One MCCC student that attended the presentation, Tyler McCormick, was the first to shake Abubakar’s hand at the end of the presentation.

“It was crazy,” he said of the presentation and the Darfur issue. “I didn’t think stuff like that happened. I couldn’t even imagine waking up to my town being destroyed.”

Abubakar was invited to MCCC by the Newman Club, a Catholic group on campus that promotes the justice and charity of Jesus Christ.

“He was a soft spoken gentleman but you could tell that he felt it,” said Mark Bergmooser, one of the club’s co-advisors. “I thought it was an inspirational message to remember.”

Abubakar said the first step in helping the issue is to raise awareness in yourself and in others.

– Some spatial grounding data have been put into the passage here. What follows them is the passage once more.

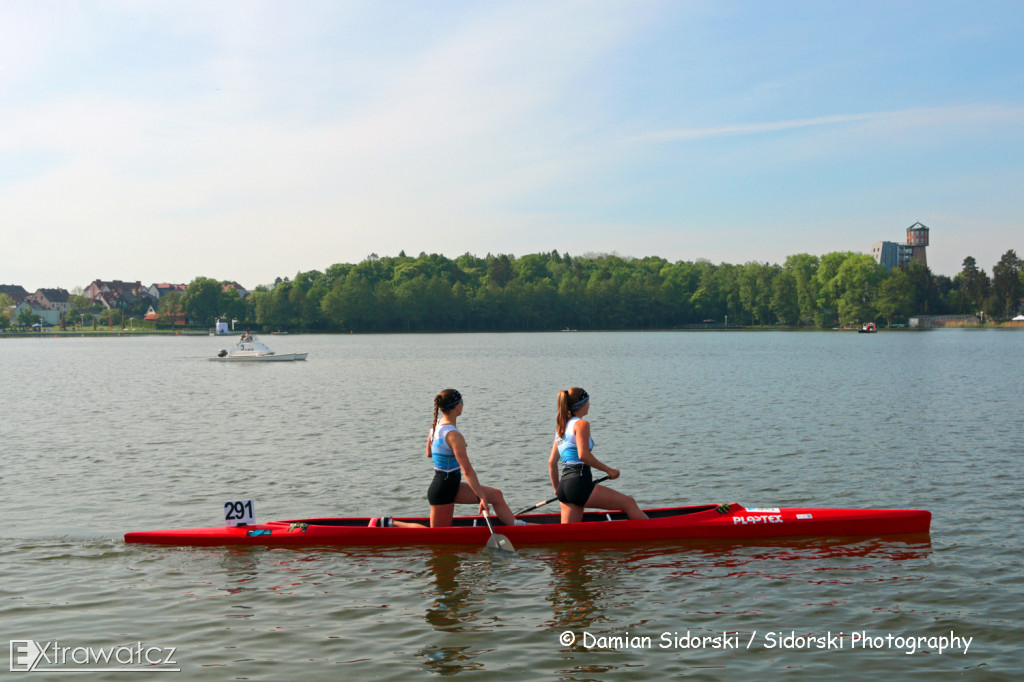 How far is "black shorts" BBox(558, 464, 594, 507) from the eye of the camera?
1094 centimetres

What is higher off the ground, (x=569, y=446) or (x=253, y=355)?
(x=569, y=446)

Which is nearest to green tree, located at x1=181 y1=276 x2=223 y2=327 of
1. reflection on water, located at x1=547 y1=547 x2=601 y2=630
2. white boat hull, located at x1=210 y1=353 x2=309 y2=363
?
white boat hull, located at x1=210 y1=353 x2=309 y2=363

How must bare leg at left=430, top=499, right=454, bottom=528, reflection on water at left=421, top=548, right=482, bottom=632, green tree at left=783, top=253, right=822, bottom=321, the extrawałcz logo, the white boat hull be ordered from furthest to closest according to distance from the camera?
green tree at left=783, top=253, right=822, bottom=321, the white boat hull, bare leg at left=430, top=499, right=454, bottom=528, reflection on water at left=421, top=548, right=482, bottom=632, the extrawałcz logo

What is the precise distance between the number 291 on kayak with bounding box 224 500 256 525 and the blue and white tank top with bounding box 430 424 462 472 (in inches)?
121

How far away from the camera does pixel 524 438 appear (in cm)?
2339

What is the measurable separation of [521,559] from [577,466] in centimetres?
162

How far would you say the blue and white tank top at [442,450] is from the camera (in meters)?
10.7

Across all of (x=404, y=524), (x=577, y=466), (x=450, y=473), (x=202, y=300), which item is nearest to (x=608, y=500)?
(x=577, y=466)

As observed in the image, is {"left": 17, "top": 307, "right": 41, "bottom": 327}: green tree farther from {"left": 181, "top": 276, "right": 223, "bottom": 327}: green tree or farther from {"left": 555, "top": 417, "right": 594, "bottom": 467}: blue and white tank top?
{"left": 555, "top": 417, "right": 594, "bottom": 467}: blue and white tank top

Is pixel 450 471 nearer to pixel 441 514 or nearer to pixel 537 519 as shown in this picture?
pixel 441 514

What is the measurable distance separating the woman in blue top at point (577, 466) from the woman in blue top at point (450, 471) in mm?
942

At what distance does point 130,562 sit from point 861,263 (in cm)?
17104

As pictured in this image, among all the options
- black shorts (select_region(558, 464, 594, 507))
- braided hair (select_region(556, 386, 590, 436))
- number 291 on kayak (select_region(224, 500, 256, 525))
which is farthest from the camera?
number 291 on kayak (select_region(224, 500, 256, 525))

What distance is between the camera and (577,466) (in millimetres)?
10859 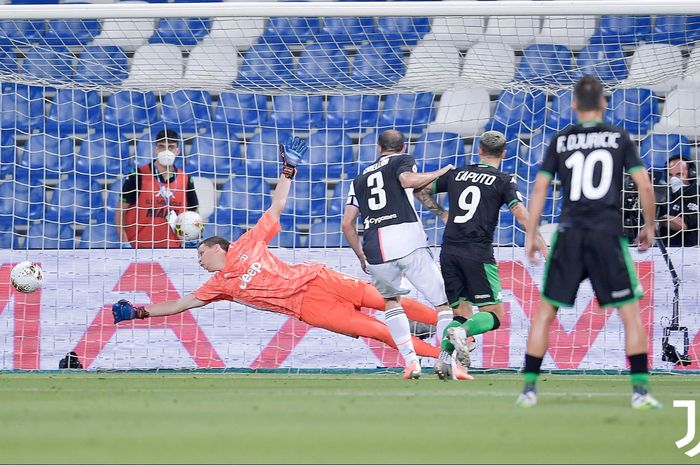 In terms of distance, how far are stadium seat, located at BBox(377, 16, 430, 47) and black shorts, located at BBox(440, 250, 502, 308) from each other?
149 inches

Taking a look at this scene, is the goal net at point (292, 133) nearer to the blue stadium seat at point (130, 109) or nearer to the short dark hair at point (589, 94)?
the blue stadium seat at point (130, 109)

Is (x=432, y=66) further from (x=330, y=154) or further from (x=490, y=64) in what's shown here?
(x=330, y=154)

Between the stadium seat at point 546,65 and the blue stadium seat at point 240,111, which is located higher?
the stadium seat at point 546,65

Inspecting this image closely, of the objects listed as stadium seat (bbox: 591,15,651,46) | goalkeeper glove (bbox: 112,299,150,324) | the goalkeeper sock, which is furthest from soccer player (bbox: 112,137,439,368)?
stadium seat (bbox: 591,15,651,46)

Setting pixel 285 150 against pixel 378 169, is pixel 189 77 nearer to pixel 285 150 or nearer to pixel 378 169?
pixel 285 150

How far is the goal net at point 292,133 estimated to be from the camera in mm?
12125

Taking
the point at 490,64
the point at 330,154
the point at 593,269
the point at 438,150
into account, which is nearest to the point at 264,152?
the point at 330,154

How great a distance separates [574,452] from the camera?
5.02 m

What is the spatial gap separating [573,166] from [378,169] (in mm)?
3792

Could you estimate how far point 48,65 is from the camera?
44.5ft

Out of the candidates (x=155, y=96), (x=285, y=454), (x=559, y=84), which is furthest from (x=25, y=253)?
(x=285, y=454)

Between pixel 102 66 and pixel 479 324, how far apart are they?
5782 mm

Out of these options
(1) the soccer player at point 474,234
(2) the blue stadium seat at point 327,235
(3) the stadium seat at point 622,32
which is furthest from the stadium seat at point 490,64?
(1) the soccer player at point 474,234

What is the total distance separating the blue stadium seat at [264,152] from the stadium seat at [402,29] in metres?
1.58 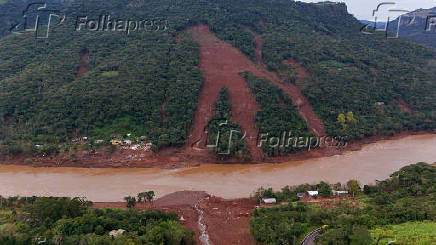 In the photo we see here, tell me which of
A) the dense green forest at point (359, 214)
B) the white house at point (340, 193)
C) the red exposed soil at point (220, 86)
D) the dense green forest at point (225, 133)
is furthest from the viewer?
the red exposed soil at point (220, 86)

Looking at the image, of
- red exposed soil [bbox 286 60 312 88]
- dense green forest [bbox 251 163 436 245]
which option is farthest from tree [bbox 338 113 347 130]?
dense green forest [bbox 251 163 436 245]

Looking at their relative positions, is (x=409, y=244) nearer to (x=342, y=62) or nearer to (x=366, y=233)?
(x=366, y=233)

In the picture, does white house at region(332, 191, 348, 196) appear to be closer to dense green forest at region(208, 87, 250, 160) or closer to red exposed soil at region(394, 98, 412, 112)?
dense green forest at region(208, 87, 250, 160)

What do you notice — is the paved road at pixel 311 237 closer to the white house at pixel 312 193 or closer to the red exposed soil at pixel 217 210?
the red exposed soil at pixel 217 210

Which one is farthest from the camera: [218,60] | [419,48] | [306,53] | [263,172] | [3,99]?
[419,48]

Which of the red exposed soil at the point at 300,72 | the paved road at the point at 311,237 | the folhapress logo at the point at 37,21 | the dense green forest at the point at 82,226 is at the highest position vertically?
the folhapress logo at the point at 37,21

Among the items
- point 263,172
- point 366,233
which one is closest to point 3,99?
point 263,172

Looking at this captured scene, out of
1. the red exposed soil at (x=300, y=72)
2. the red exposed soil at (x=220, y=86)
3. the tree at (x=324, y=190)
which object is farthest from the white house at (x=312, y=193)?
the red exposed soil at (x=300, y=72) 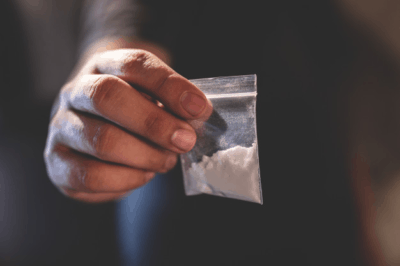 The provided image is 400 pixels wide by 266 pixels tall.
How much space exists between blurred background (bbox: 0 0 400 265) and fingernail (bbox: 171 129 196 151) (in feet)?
0.81

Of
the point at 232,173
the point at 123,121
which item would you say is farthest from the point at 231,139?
the point at 123,121

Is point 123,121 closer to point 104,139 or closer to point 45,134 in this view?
point 104,139

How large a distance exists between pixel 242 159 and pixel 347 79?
0.30 meters

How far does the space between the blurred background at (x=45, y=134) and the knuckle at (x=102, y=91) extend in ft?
0.99

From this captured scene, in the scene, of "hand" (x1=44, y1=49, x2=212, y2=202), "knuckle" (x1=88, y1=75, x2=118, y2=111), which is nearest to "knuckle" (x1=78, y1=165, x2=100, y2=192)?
"hand" (x1=44, y1=49, x2=212, y2=202)

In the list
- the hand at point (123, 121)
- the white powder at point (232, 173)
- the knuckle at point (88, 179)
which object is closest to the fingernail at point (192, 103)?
the hand at point (123, 121)

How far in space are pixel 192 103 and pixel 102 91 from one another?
0.15 m

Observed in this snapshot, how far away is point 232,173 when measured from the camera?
1.28 ft

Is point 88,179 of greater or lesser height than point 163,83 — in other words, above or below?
below

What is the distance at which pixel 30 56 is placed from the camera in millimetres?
1295

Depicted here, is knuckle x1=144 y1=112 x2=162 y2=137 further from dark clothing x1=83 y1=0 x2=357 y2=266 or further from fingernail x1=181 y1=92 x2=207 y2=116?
dark clothing x1=83 y1=0 x2=357 y2=266

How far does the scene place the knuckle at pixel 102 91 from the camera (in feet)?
1.13

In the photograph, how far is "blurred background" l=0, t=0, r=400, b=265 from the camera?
0.45 meters

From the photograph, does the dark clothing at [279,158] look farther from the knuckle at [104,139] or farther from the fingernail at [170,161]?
the knuckle at [104,139]
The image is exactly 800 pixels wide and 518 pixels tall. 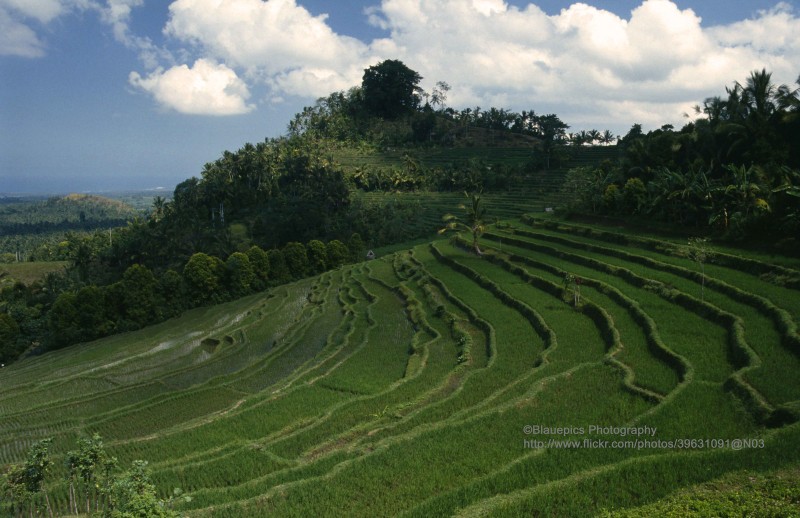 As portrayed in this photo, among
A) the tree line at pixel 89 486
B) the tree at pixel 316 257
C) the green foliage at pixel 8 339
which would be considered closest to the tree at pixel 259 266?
the tree at pixel 316 257

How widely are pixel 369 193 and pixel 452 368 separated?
6075 cm

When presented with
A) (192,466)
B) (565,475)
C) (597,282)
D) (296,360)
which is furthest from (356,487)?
(597,282)

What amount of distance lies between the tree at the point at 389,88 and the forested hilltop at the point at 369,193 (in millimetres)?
274

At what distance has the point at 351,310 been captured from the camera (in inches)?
1227

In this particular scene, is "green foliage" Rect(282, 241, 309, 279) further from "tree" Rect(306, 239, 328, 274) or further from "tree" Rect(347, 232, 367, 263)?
"tree" Rect(347, 232, 367, 263)

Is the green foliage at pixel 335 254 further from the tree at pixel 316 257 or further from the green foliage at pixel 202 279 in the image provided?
the green foliage at pixel 202 279

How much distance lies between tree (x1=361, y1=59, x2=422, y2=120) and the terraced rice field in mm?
79290

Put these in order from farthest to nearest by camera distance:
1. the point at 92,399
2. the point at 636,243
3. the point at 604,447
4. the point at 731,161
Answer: the point at 731,161
the point at 636,243
the point at 92,399
the point at 604,447

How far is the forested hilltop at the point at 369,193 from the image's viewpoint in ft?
101

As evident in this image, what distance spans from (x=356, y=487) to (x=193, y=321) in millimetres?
30119

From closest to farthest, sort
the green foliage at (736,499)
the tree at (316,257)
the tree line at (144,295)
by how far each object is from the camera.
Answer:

In terms of aid, Sudan refugee camps are desperate for assistance including with firewood, which Abubakar pointed out. The women must travel so far to collect wood that they often fall victim to the Janjaweed’s rape tactics.

Abubakar said he additionally wants people in the United States to be appreciative of their lives. To him, life in America is perfect.

“Americans don’t feel what they have – peace, freedom, justice, love,” he said. “Start from now. If you are taking it for granted, you don’t feel what you have. When you don’t feel it, you don’t enjoy it.”

For more information on the Darfur issue, visit www.savedarfur.org.

“I want to see this Earth to be a peaceful place,” Abubakar said. “We don’t need police to make speed limits. We know what’s wrong, what’s right.”